Where universities fit in

At first glance, higher education does not feature prominently in Byrne’s account. Universities are mentioned only in passing, often in relation to the now familiar observation that those with higher levels of education are less likely to vote for populist parties. As Byrne notes from previous studies of voter intentions:

 “constituencies with fewer graduates were far more likely to vote Reform; in fact, the share of adults with a degree was the single strongest predictor of low Reform support.”

Yet, placing graduates firmly in the anti-populist camp does not exonerate universities from blame in the story of why populists are winning. On the contrary, as I was reminded while co-authoring my own take on the issue in Preparing for Populism, many of the dynamics Byrne identifies implicitly raise questions about the role universities are playing, what they are getting wrong and how they might be doing more.

Perhaps, if this book were not written by a serving Labour MP, it would go further in asking whether universities – and those who work in them –  have become too closely associated with the Left; too quick to adopt positions on sensitive issues that leave others feeling ostracised; and too slow to address the consequences.

Stepping up to the challenge

Byrne’s main argument is nevertheless that populism thrives when people feel economically insecure, culturally marginalised and politically ignored.
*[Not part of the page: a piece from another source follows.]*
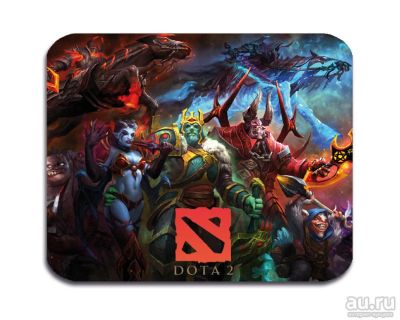 Лот: 10312657. Фото: 1. Коврик Dota 2 Дота №8. Подставки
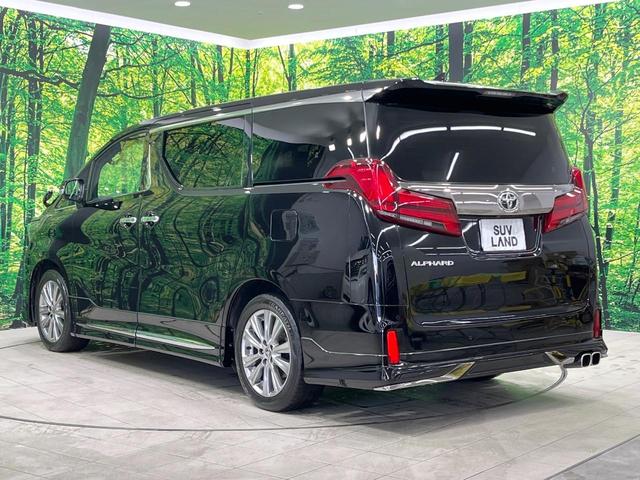 アルファード ２．５Ｓ　タイプゴールドＩＩ　禁煙車　サンルーフ　モデリスタエアロ　９型ナビ　バックカメラ　両側電動ドア　電動リアゲート　セーフティセンス　レーダークルーズ　レーンアシスト　オートマチックハイビーム　クリアランスソナー　ＥＴＣ（27枚目）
His proposed response is nothing short of a “revolution” to build a “Learning Society” – one in which knowledge, skills and opportunity are more evenly distributed across the country. In this vision, universities are not ivory towers detached from the real world, but engines of renewal that bring innovation, ideas and entrepreneurship to places that have long felt “left behind”.

This is an attractive proposition and one that aligns well with longstanding political debates about “levelling up” and regional inequality. Yet, it also runs up against the sector’s current financial realities. At a time when many institutions are in a period of retrenchment – as illustrated by the University of Essex’s recent decision to close its Southend campus – the idea of expanding into new towns and regions feels, at best, aspirational.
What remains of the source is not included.